▶ ASSIGNED TASK
Every entry below is to be copied exactly as written.

▽

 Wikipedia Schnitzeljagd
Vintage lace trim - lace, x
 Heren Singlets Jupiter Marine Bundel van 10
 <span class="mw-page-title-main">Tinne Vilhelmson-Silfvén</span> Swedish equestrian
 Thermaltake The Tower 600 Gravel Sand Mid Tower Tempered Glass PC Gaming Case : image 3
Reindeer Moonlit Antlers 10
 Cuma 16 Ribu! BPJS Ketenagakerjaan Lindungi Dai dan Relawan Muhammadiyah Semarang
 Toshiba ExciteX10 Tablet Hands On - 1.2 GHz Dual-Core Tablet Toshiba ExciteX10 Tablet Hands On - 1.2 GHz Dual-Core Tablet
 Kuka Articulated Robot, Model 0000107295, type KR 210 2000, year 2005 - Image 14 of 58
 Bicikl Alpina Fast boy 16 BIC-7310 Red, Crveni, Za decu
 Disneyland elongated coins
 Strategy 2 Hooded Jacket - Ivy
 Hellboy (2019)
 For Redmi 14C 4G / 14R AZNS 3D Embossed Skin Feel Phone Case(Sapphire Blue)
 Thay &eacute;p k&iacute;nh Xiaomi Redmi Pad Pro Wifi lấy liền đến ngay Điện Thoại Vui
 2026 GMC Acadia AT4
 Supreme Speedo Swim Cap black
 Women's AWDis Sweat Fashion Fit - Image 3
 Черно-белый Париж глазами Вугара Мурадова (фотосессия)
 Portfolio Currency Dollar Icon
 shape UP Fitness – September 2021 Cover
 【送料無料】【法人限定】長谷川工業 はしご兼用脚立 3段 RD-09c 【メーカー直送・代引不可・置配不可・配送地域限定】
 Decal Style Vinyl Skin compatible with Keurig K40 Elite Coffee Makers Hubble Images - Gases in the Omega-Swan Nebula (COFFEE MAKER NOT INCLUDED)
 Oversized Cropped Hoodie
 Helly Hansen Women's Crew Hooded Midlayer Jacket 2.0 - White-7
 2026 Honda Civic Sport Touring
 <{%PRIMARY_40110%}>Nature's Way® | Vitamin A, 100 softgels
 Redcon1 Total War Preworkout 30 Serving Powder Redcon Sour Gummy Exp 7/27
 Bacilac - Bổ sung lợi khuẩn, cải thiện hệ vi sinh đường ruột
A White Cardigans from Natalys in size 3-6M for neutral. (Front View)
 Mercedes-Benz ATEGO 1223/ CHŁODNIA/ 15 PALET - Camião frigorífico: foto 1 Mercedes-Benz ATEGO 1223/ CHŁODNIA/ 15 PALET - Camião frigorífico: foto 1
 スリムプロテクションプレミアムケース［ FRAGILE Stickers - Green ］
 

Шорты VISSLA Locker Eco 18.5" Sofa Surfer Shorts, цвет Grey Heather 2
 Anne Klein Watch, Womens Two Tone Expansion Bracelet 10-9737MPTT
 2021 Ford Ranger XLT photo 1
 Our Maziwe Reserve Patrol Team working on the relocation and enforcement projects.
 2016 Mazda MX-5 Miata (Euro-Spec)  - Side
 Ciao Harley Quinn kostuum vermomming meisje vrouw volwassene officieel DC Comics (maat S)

△

▶ EXERCISE RESULT
 Wikipedia Schnitzeljagd
Vintage lace trim - lace, x
 Heren Singlets Jupiter Marine Bundel van 10
 <span class="mw-page-title-main">Tinne Vilhelmson-Silfvén</span> Swedish equestrian
 Thermaltake The Tower 600 Gravel Sand Mid Tower Tempered Glass PC Gaming Case : image 3
Reindeer Moonlit Antlers 10
 Cuma 16 Ribu! BPJS Ketenagakerjaan Lindungi Dai dan Relawan Muhammadiyah Semarang
 Toshiba ExciteX10 Tablet Hands On - 1.2 GHz Dual-Core Tablet Toshiba ExciteX10 Tablet Hands On - 1.2 GHz Dual-Core Tablet
 Kuka Articulated Robot, Model 0000107295, type KR 210 2000, year 2005 - Image 14 of 58
 Bicikl Alpina Fast boy 16 BIC-7310 Red, Crveni, Za decu
 Disneyland elongated coins
 Strategy 2 Hooded Jacket - Ivy
 Hellboy (2019)
 For Redmi 14C 4G / 14R AZNS 3D Embossed Skin Feel Phone Case(Sapphire Blue)
 Thay &eacute;p k&iacute;nh Xiaomi Redmi Pad Pro Wifi lấy liền đến ngay Điện Thoại Vui
 2026 GMC Acadia AT4
 Supreme Speedo Swim Cap black
 Women's AWDis Sweat Fashion Fit - Image 3
 Черно-белый Париж глазами Вугара Мурадова (фотосессия)
 Portfolio Currency Dollar Icon
 shape UP Fitness – September 2021 Cover
 【送料無料】【法人限定】長谷川工業 はしご兼用脚立 3段 RD-09c 【メーカー直送・代引不可・置配不可・配送地域限定】
 Decal Style Vinyl Skin compatible with Keurig K40 Elite Coffee Makers Hubble Images - Gases in the Omega-Swan Nebula (COFFEE MAKER NOT INCLUDED)
 Oversized Cropped Hoodie
 Helly Hansen Women's Crew Hooded Midlayer Jacket 2.0 - White-7
 2026 Honda Civic Sport Touring
 <{%PRIMARY_40110%}>Nature's Way® | Vitamin A, 100 softgels
 Redcon1 Total War Preworkout 30 Serving Powder Redcon Sour Gummy Exp 7/27
 Bacilac - Bổ sung lợi khuẩn, cải thiện hệ vi sinh đường ruột
A White Cardigans from Natalys in size 3-6M for neutral. (Front View)
 Mercedes-Benz ATEGO 1223/ CHŁODNIA/ 15 PALET - Camião frigorífico: foto 1 Mercedes-Benz ATEGO 1223/ CHŁODNIA/ 15 PALET - Camião frigorífico: foto 1
 スリムプロテクションプレミアムケース［ FRAGILE Stickers - Green ］
 

Шорты VISSLA Locker Eco 18.5" Sofa Surfer Shorts, цвет Grey Heather 2
 Anne Klein Watch, Womens Two Tone Expansion Bracelet 10-9737MPTT
 2021 Ford Ranger XLT photo 1
 Our Maziwe Reserve Patrol Team working on the relocation and enforcement projects.
 2016 Mazda MX-5 Miata (Euro-Spec)  - Side
 Ciao Harley Quinn kostuum vermomming meisje vrouw volwassene officieel DC Comics (maat S)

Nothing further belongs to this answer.